Showing all posts tagged aws:

AWS re:Invent 2022

At this time of year, with the nights drawing in, thoughts turn inevitably to… AWS' annual Las Vegas extravaganza, re:Invent. This year I'm attending remotely again, like it's 2020 or something, which is probably better for my liver, although I am definitely feeling the FOMO.

Day One: Adam Selipsky Keynote

I skipped Monday Night Live due to time zones, but as usual, this first big rock on the re:Invent calendar is a barrage of technical updates, with few hints of broader strategy. That sort of thing comes in the big Tuesday morning keynote with Adam Selipsky.

Last year was his first time taking over after Andy Jassy's ascension to running the whole of Amazon, not just AWS. This year’s delivery was more polished, plus it looks like we have seen the last of the re:Invent House Band. Adam Selipsky himself though was still playing the classics, talking up the benefits of cloud computing for cost savings and using examples such as Carrier or Airbnb to allude to companies' desire to be agile with fewer resources.

Still, it's a bit of a double-take to hear AWS still talking about cloud migration in 2022 — even if, elsewhere in Vegas, there was a memorable endorsement of migration to the cloud from Ukraine's Minister for Digital Transformation. Few AWS customers have to contend with the sorts of stress and time pressure that Mykhailo Fedorov did!

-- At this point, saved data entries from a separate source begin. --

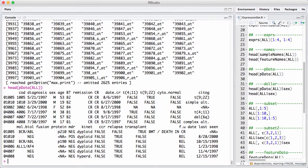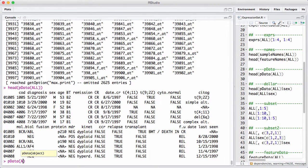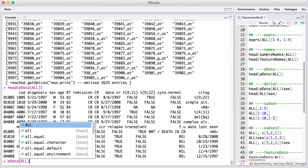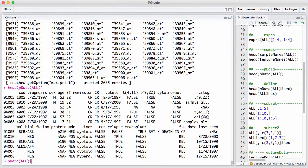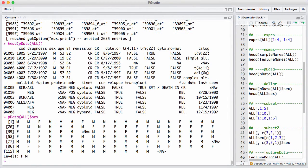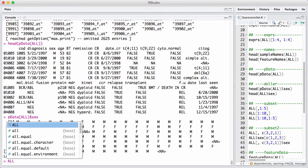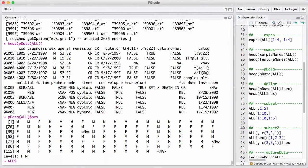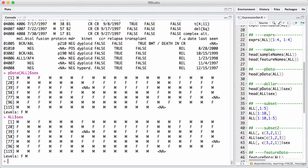Usually you're not interested in all the covariates, but you want to do some modeling or you want to access a specific covariate. You can do that since this is a data frame by using the dollar operator. But you can also just use the dollar operator directly onto the expression set. That gives you the covariate as you can see here. That's a very useful and quick shortcut.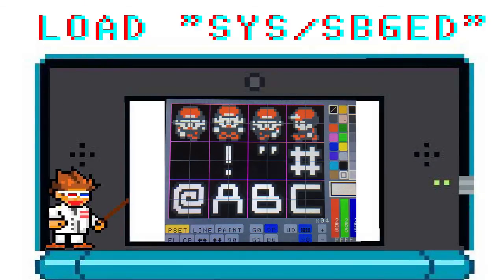I had a request to make some videos on making custom sprites, so I'm going to go over some brief basics of making sprites, saving them, then using them in your program.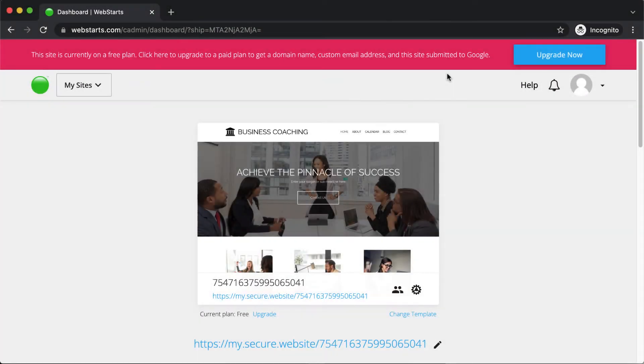Hi there. In this video, I'm going to be sharing with you a single exercise you can do to help you create a better looking website with WebStarts.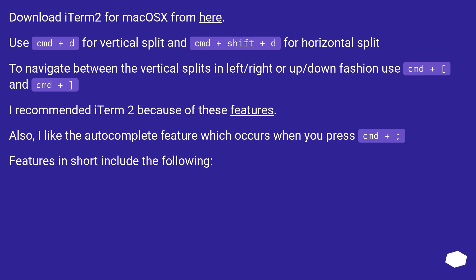I recommend iTerm2 because of these features. Also, I like the autocomplete feature which occurs when you press Cmd+semicolon. Features in short include the following.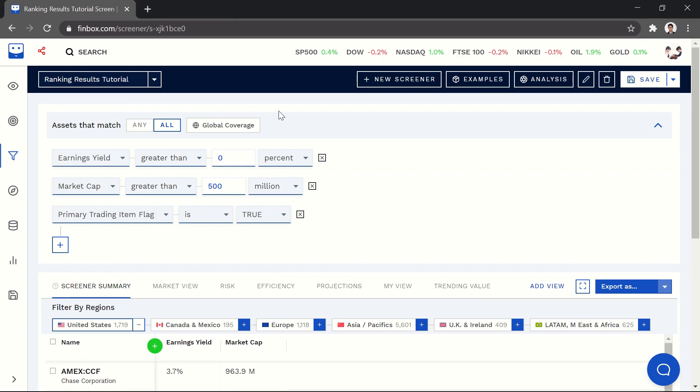Ranking stocks based on percentile is very easy. For this demo, I'm using Excel, but the Google Sheets process is very similar.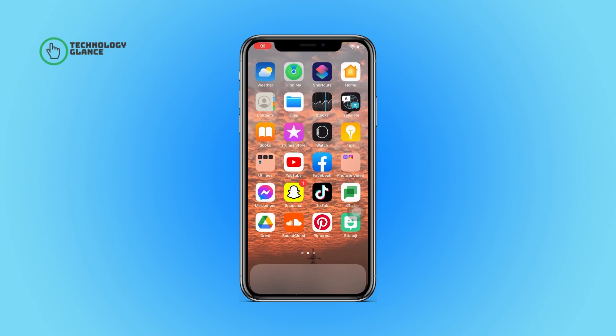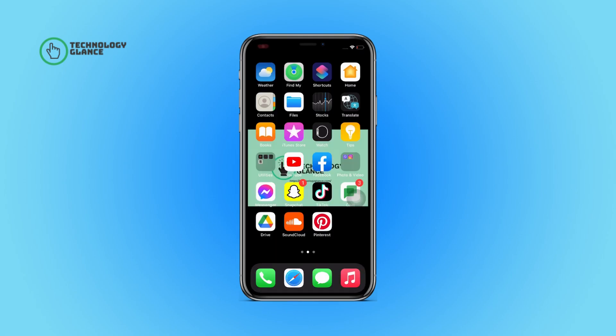Hi everyone, welcome to another episode of Technology Glance. In this video I'm going to guide you through how you can delete a My Eyes Only snap on Snapchat. So let's get started.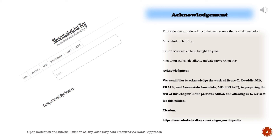We would like to acknowledge the work of Bruce C. Twaddle, MD, FRACS, and Anunciato Armendola, MD, FRCSC, in preparing the text of this chapter in the previous edition and allowing us to revise it for this edition.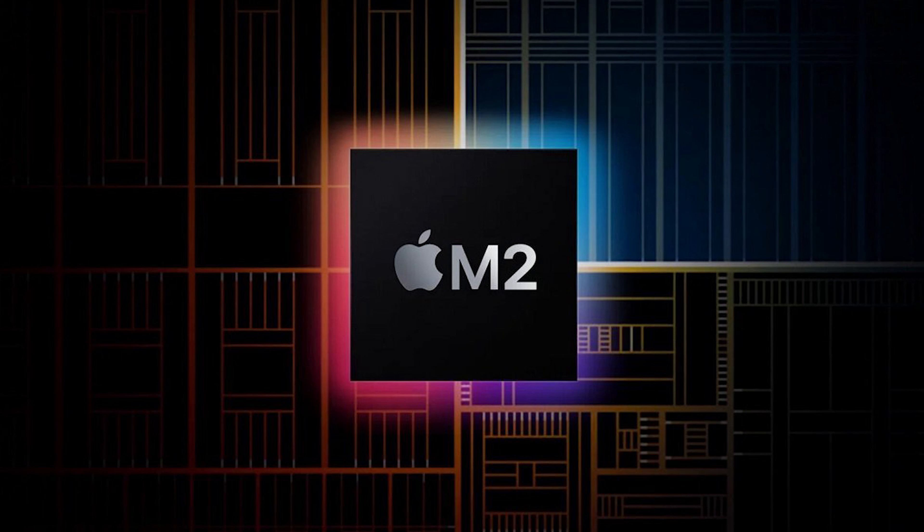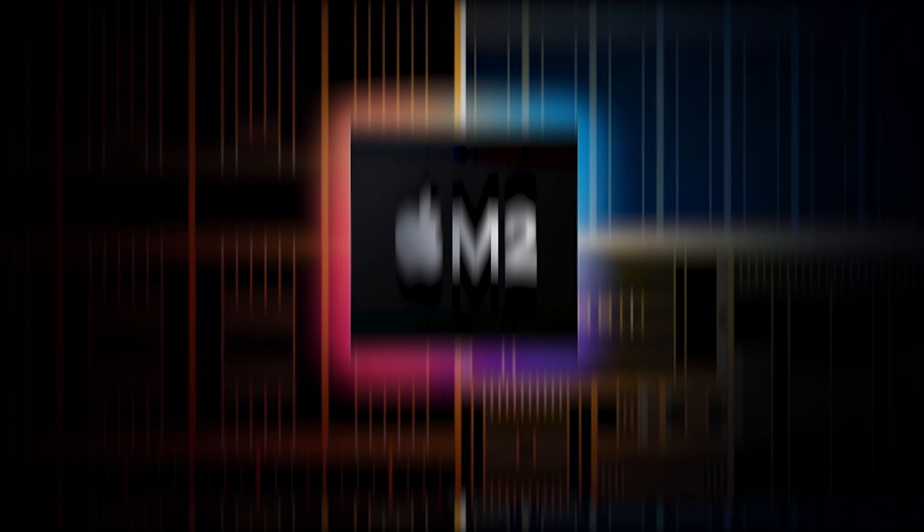Apple today announced that the new MacBook Air equipped with the M2 chip will be available to order starting Friday, July 8 at 5 a.m. Pacific time.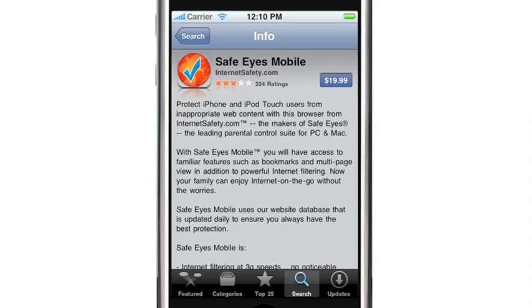If you want to create healthy digital boundaries for your family on their iPhone or iPod touch, there's an app for that, and it's called SafeEyes Mobile. Here's how it works. First, locate SafeEyes Mobile in the App Store and download it.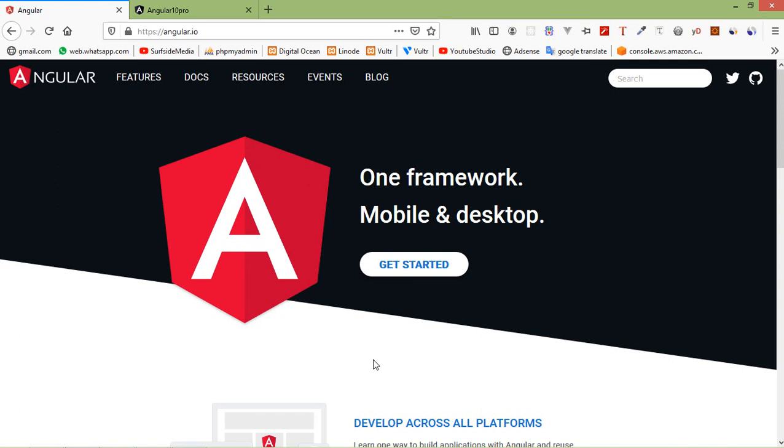Hi everyone, welcome back to the Angular 10 tutorial. In this video we are going to learn about route parameters.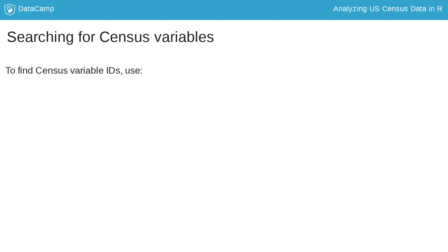Fortunately, there are web resources to assist with this, like Census Reporter's intuitive search tools.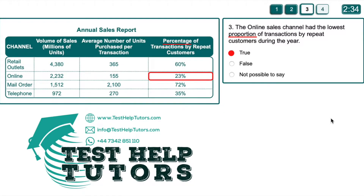I hope you've had a go. The online sales channel had the lowest proportion of transactions by repeat customers during the year. Here, proportion can be a synonym for percentage, so this column here is entitled percentage of transactions by repeat customers.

In the keynote, the focus was mostly on exhortations to continue investing in the cloud. I didn't see Andy Jassy's signature move of presenting a slide that shows cloud penetration as still being a tiny proportion of the market, but that was definitely the spirit: no reason to slow down, despite economic headwinds; there's lots more to do.

Murdering the Metaphors

We then got to the first of various metaphors that would be laboriously and at length tortured to breaking point and beyond. The first was space exploration, and admittedly there were some very pretty visuals to go with the point being belaboured: namely, that just like images captured in different wavelengths show different data to astronomers, different techniques used to explore data can deliver additional results.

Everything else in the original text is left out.